Сердце. Орган, который перегоняет кровь.

Что еще сказать?

Сердце в своем темном загоне опознает свет. Снова узнает его и рвется к нему после долгой спячки. Сердце в спячке – не бодрствует, не спит, но зависает без света, грезя о нем. К чему отгораживаться от того, чего желаю? Почему я боюсь того, что люблю?

Я вижу под дверью желтую ленту, что предвещает Мидасов мир, превратившийся в золото. Не жесткий металл, но вибрирующий свет, непроцеженный, незапятнанный, нескованный. Я боюсь его, боюсь открыть дверь, снять очки и сдаться свету, пока меж нами ничего нет. Он не разделится на части, сделаю я это или нет.

Способен ли я стать светлым человеком?

Сердце к сердцу. К свету свет. Я сделан из света, из пустоты и световых точек; атомная структура, казалось бы, твердого тела. Почему мне уютнее с видимостью, а не с реальностью? С фальшивками диванов, акций и облигаций? Мерка культурного человека. Не слишком, не слишком, не слишком. Нет, слишком. И как будто этого мало – еще больше, больше жизни в единицу времени, без всяких ограничений.

Я, Гендель, врач, священник, всеобщий знахарь, дурак, сижу в каком-то безымянном поезде, что пыхтит к морю. У меня есть деньги, паспорт, багаж, теплое пальто. Хватит ли этого? Хватит ли покровов, чтобы обернуться, когда я сброшу с себя то, что было моей жизнью?

Моя жизнь. То, что должно было стать Одой к Разуму, стало несколькими фесценнинами…

Как называют врача, который удаляет не ту грудь?

Не знаю. В самом деле – как называют врача, который удаляет не ту грудь?

Хирургом.

Конечно, было расследование. Дама, о которой идет речь, до сих пор оправляется от второй операции, на сей раз – по удалению правильной груди (в действительности – левой). Я вообще не должен был оперировать; то был крайний случай, дежурный хирург заболел, больше никого не оказалось, а я – лучший в своем деле. Лучшим всегда не хватает твердой веры… а худшим? Что бы, по-вашему, сделал худший? Оттяпал бы и вторую, сразу же, под общим наркозом, а промашку назвал бы осложнением. Но так ведь не поступят, правда?

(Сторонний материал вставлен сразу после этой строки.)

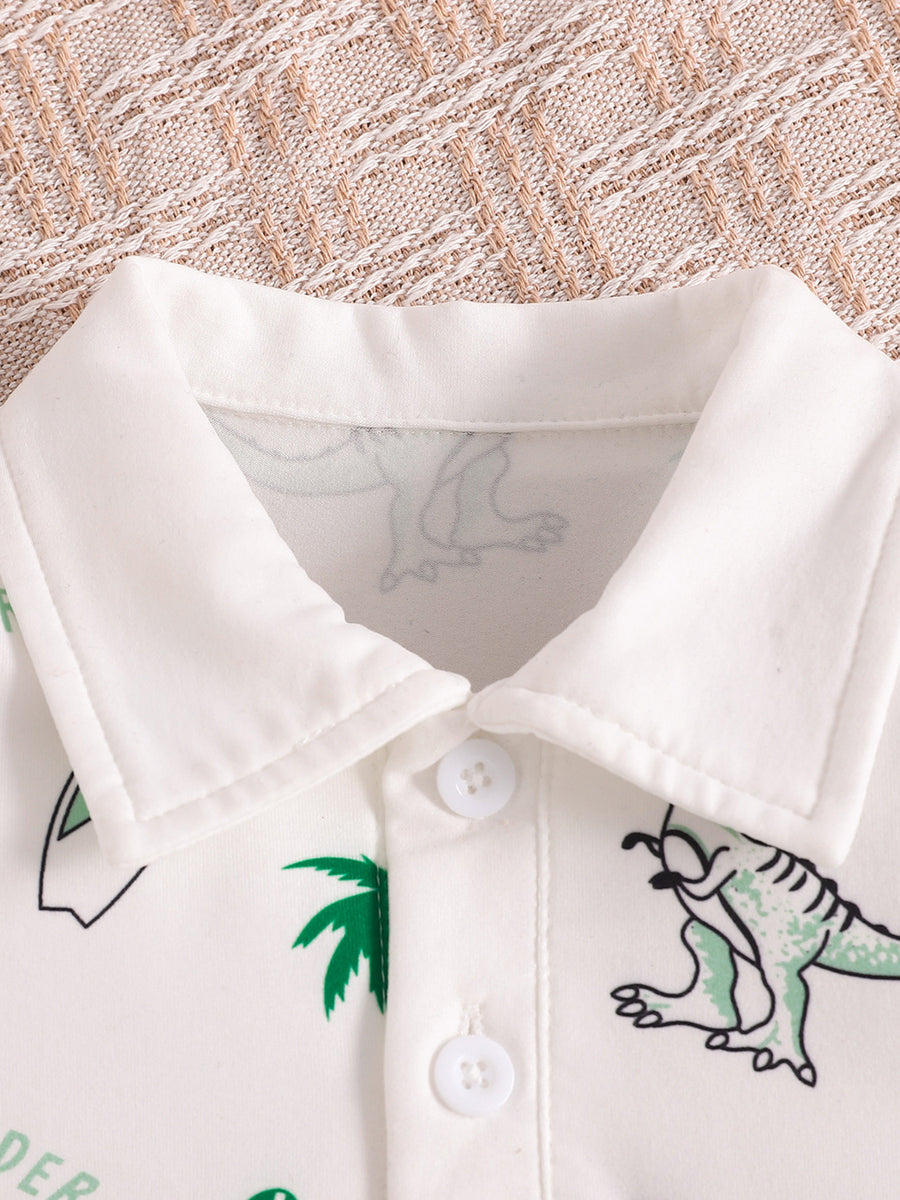 White baby polo shirt with dinosaur print and green palm trees, featuring a collar and button placket.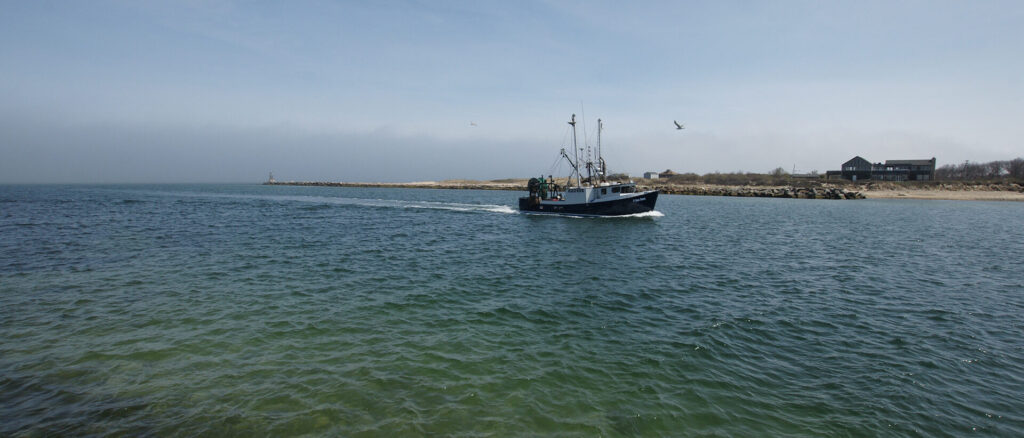 Fishing boat returning to port in Montauk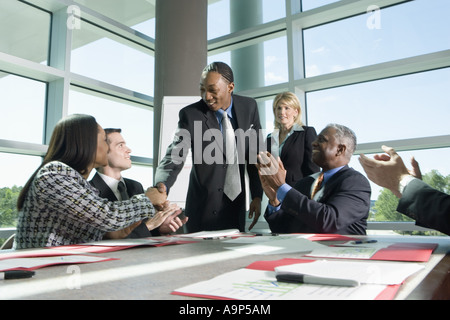 Colleghi di lavoro ad applaudire in una riunione Foto Stock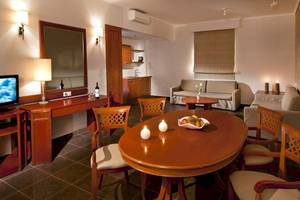 Innenbereich des Kipriotis Village Resort mit Esstisch, Stühlen, Sofa, Fernseher und Dekorationsgegenständen.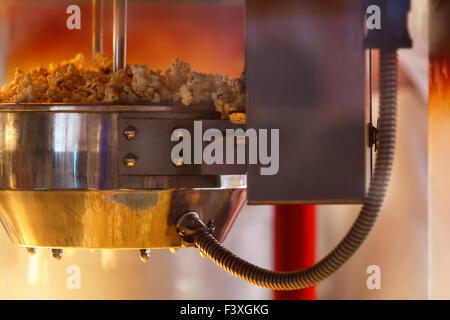 Making popcorn with an electric popper at home Stock Photo - Alamy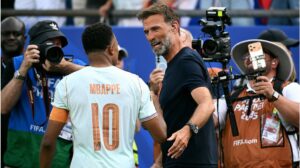Jürgen Klopp schaut nachdenklich, im Hintergrund ist verschwommen das DFB-Logo zu erkennen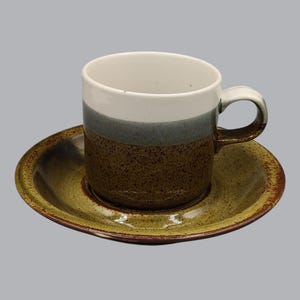 Op de afbeelding: Een keramische koffiekop en schotel set. De beker heeft een witte binnenkant, een grijze band en een bruine getextureerde basis. De schotel is bijpassend olijfgroen met een bruine rand. De set is ontworpen voor het serveren van warme dranken.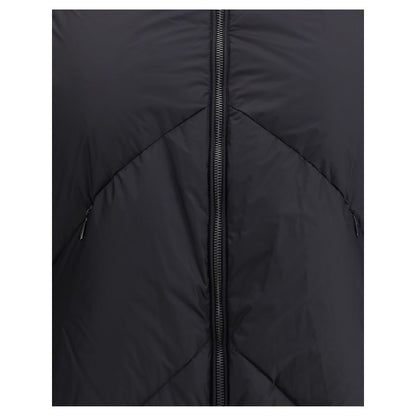 Close-up of Tatras Black Polyamide Shell Jacket showing detailed double-slider zipper and quilted design for warmth and style.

Я смирился с тем, что меня вышвырнут. Я, Гендель, не врач, не священник, всеобщее посмешище, дурак. Стоит ли моя репутация ее груди? Взвесьте их – неужели я неполноценен? Неужели ее грудь, которую каждый мог поласкать за пятерку, стоит больше тридцати лет моей жизни? Она была проституткой. Проституткой. С какой стати она должна пользоваться сомнительными услугами самого исключительного специалиста по раку груди в Британии? С какой стати? Он вообще занимается благотворительностью, этот Гендель, – по доброте душевной один день в месяц работает в недофинансируемой больнице для нищебродов.

Что вы думаете об этом перле красноречия? Мой адвокат придумал. Ознакомившись с резюме, этот человек сказал:

– Господи, да тебе повезло. А если бы она была одной из твоих частных пациенток?

– Какая разница?

– Она шлюха. Тебя не выгонят из-за шлюшьей титьки. Мы сможем даже получить от газет компенсацию за моральный ущерб. Выше нос.

Конечно. Не о чем волноваться. То, что она – из низкого сословия, а я толкнул ее еще ниже, – не повод для волнений. Она уличная девка. А я рыцарь. Сэр Гендель. Мой королевский адвокат тоже рыцарь. Сэр Клод. Два рыцаря больше не спасают дамочек из неприступных башен; нынче мы спасаем друг друга, причем за изрядные деньги. Сэр Клод – очень дорогой адвокат. На ее груди за две недели он заработал больше, чем она за всю свою карьеру.

– Сколько ей? – спросил он, потягивая капуччино. – Пятьдесят два? Пятьдесят три?

Я кивнул.

– Ха-ха. Поздновато ей подавать иск о потере заработка, а? Рискну утверждать, с нее немного активов настрижешь.

– Да, Клод, грудь у нее была не самая видная.

– Ну, раз так, тем более. Выше нос.

Стыд. Необычное чувство для католика. Наша тема – вина. Вину можно признать, искупить, отделаться от нее и забыть. Священник это понимает. Но стыд происходит из иного, более древнего морального чувства, когда правонарушитель боится не наказания на этом или же том свете, а усыхания себя, потерь души, что тратится в мелких, подлых, грязных или глупых поступках. Если я еще раз обману, я обману самого себя и перестану быть тем, кем мог бы стать. Если раню еще раз, рано или поздно рана откроется в моем сердце. Здесь не бывает исповеди в полном смысле слова – лишь собственное волевое усилие в следующий раз не пасть с такой готовностью. Наверное, потому что падение можно простить, но оправдать его нельзя.

Большую часть жизни я не был человеком сострадательным.